Lower Burdekin Newspaper Company Pty Ltd and Burdekin Shire Council; Hansen, Covolo & Cross (Third Parties)
(2003 F0565, 24 February 2004)
Bowtell and Burdekin Shire Council; Lower Burdekin Newspaper Company Pty Ltd (Third Party)
(2003 F0601, 24 February 2004)
Williams and Burdekin Shire Council; Lower Burdekin Newspaper Company Pty Ltd (Third Party)
(2003 F0602, 24 February 2004)
The applicant for access sought information about the salary packages of five Council employees. Two of those employees pursued 'reverse FOI' applications, objecting to the Council's decision to disclose certain information relating to their salary packages.
The documents in issue recorded:
(a) the position title of each officer;
(b) the total cost of each officer's 'All Inclusive Salary Package' for the 2001/2002 financial year (plus a footnote clarifying the components of the salary package);
(c) the total operating costs of the organisational unit relevant to each officer; and
(d) the cost of each officer's package as a percentage of the total operating cost of the relevant organisational unit.

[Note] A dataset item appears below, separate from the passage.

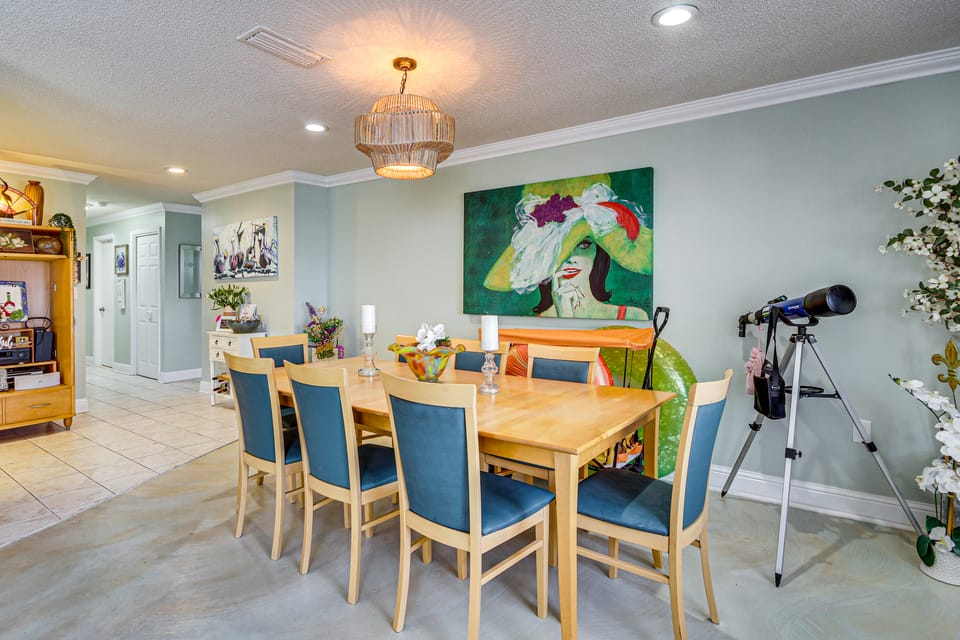 Biloxi Beach Bliss: Condo w/ Gulf-View Balcony! Apartment in Biloxi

The Deputy Information Commissioner found that information which would disclose the income of the Council officers was properly to be characterised as information concerning the personal affairs of each officer under s.44(1) of the FOI Act; however, the information about the total operating costs of organisational units of the Council did not concern the personal affairs of any individual and was not exempt under s.44(1).
Applying the public interest balancing test incorporated within s.44(1), the Deputy Information Commissioner decided that, while there was a public interest in protecting the privacy of each of the Council officers in respect of their salary package information, on balance, the public interest favoured disclosure of the gross cost of salary and benefits paid to the Council officers. Decisions of tribunals applying the FOI legislation of other states supported this approach. The Deputy Information Commissioner observed that the public had a strong, legitimate and abiding interest in having access to sufficient information to enable scrutiny of whether funds raised by government, through imposts on the public, are expended efficiently and effectively in furtherance of the wider public interest. That extended to scrutiny of whether the public is obtaining value for money from performance of the duties of the relevant positions for which the government had decided to allocate funding. This public interest is even stronger in the case of senior officers with responsibility for devising and/or implementing strategic and operational plans, and delivering key performance outcomes.
The Deputy Information Commissioner held that the total value of each officer's salary and benefits did not qualify for exemption from disclosure under the FOI Act, although the Council officers could, if they wished, withhold information revealing whether they elected to take particular non-cash benefits available under the Council's salary packaging arrangements.